Returning to a gold standard, a monetary system in which currencies are converted into fixed amounts of metal, wouldn’t be feasible because there’s not enough available and it would prevent governments loosening monetary policy, Bernanke said at George Washington University in March 2012.
Central banks’ gold holdings are valued at $1.35 trillion now and totaled $1.9 trillion in September 2011 at prices then. Nations will buy more than another 500 tons by 2018, Morgan Stanley says. Their appetite contrasts with investors who cut the value of holdings in ETPs by 43% this year to $81.4 billion, data compiled by Bloomberg show.
The most recent central-bank buying began less than a year before Soros called bullion the “ultimate asset bubble” in January 2010. The 83-year-old sold his entire stake in the SPDR Gold Trust, the biggest gold-backed ETP, in the second quarter. Paulson cut his company’s stake by 53% in the period.
Venezuela holds 67% of its reserves in gold, the most among emerging-market countries, compared with less than 9% for Russia. While Russia’s central bank will continue buying, the pace may vary, former First Deputy Chairman Alexei Ulyukayev said in January. Bullion’s fluctuations failed to change the bank’s view on the role of gold in reserves, former Bank Rossii Chairman Sergey Ignatiev said in June.

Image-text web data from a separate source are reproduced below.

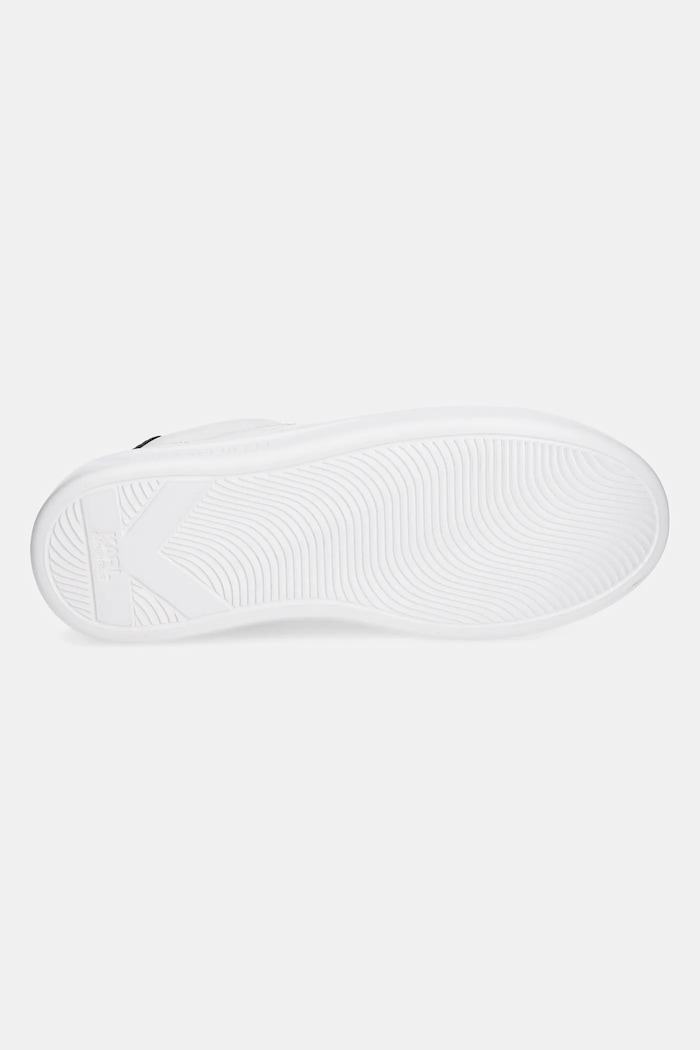 Karl Lagerfeld bőr sportcipő KAPRI MENS KL52538K.011 fehér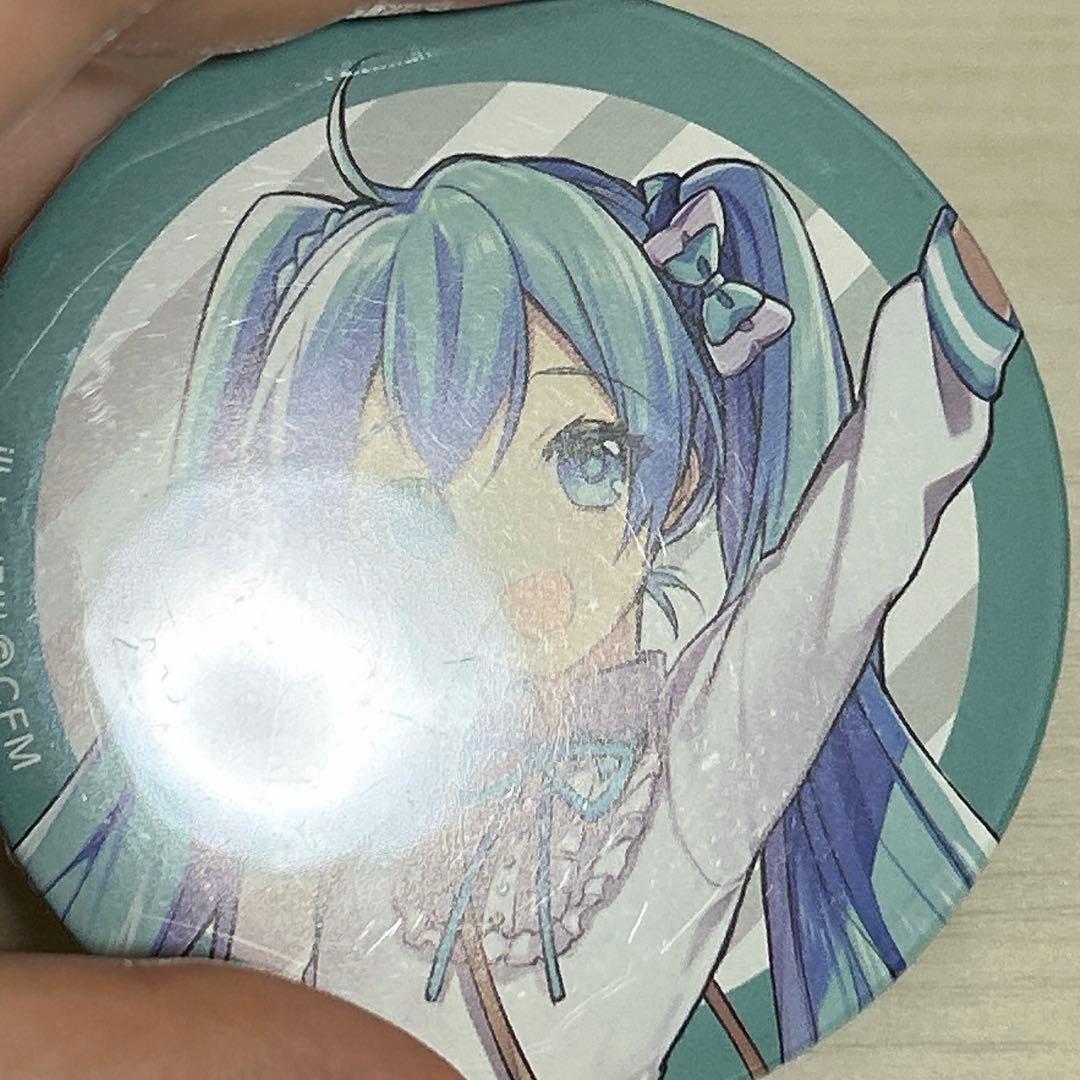 初音ミク 缶バッジ 4個セット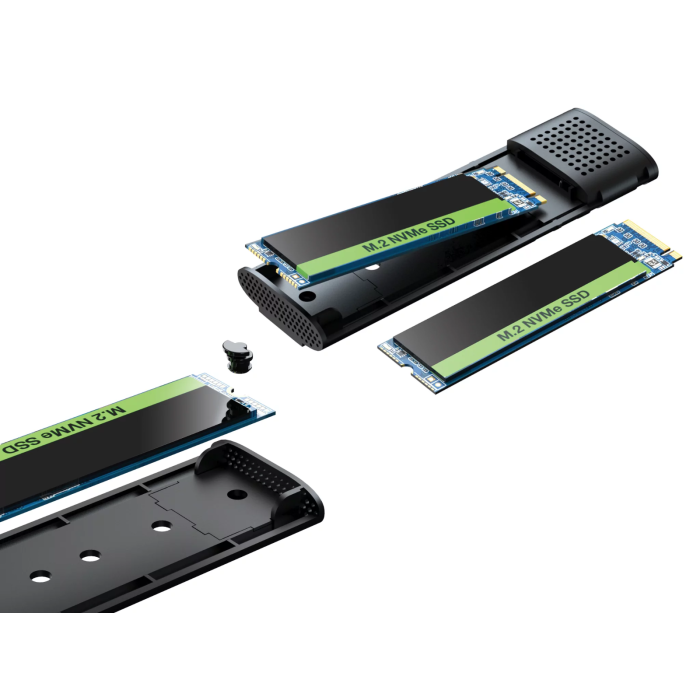 Sandberg USB 3.2 M.2 NVMe ohišje za SSD disk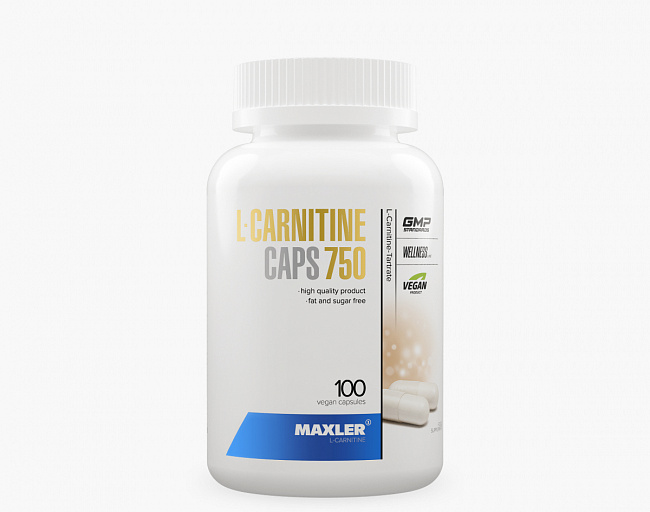 Л-Карнитин в капсулах (Л-Карнитин Капс 750/L-Carnitine Caps 750) 1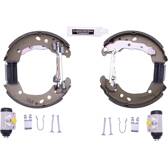 Remmenset, trommelrem HELLA - 8DB 355 004-821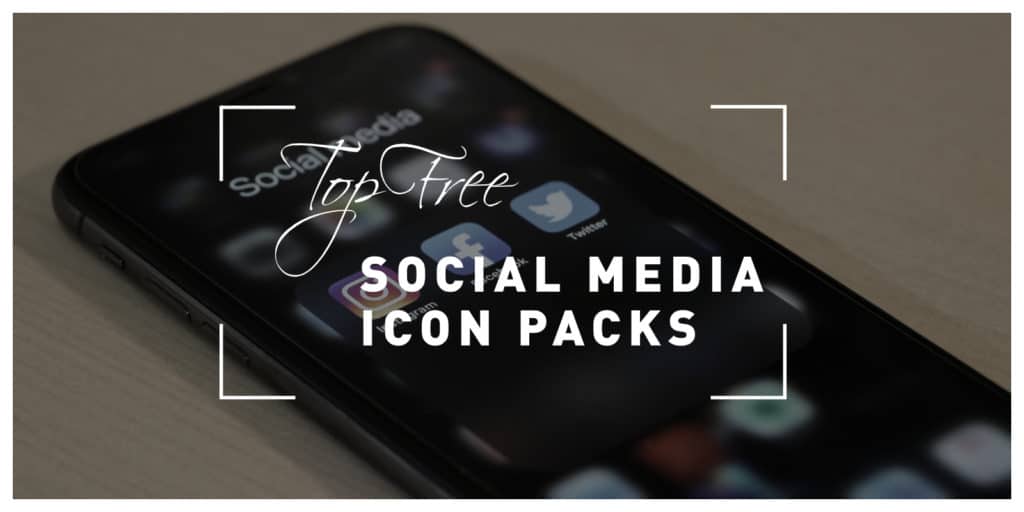 Top free social media icons packs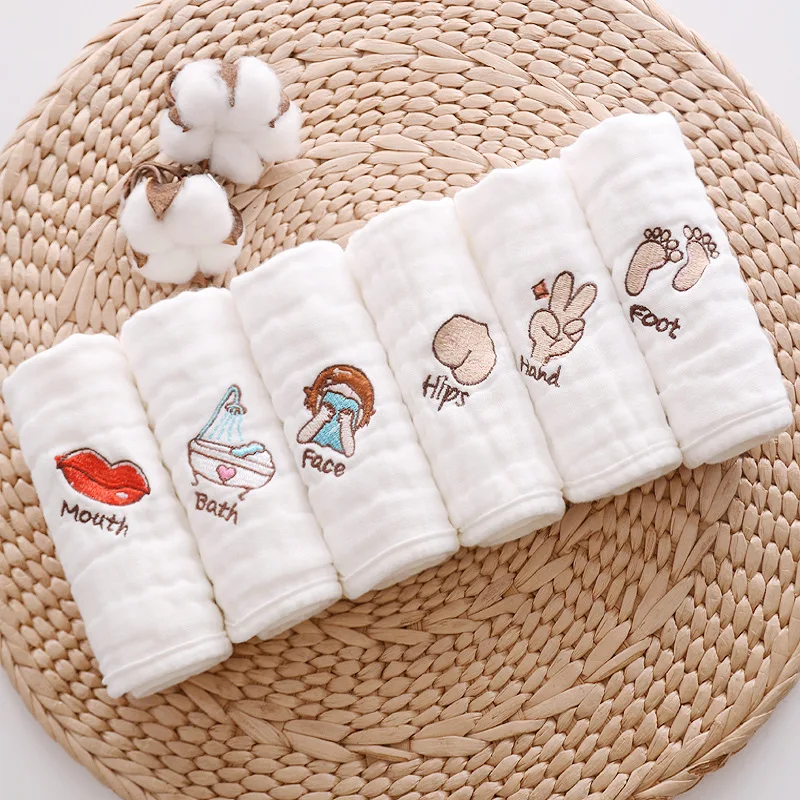 1pc Baby Product 100% Cotton Towel Nowborn Stuff Gauze Washcloth Saliva Towel Nursing Accessories Boys Girls Towel
1pc Baby Product 100% Cotton Towel Nowborn Stuff Gauze Washcloth Saliva Towel Nursing Accessories Boys Girls Towel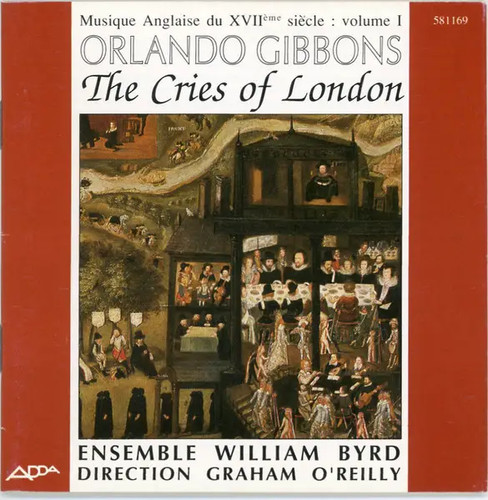 Gibbons the cries london - cd,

“There’s been a perception that they are a contrary indicator when they buy and sell, but they’re not traders,” said Quincy Krosby, a market strategist for Newark, New Jersey- based Prudential Financial Inc., which oversees more than $1 trillion of assets. “Some central bankers have come to see gold as an alternative currency, certainly as a defense against potential inflationary pressures from the historical deployment of quantitative easing and low rates by global central banks.”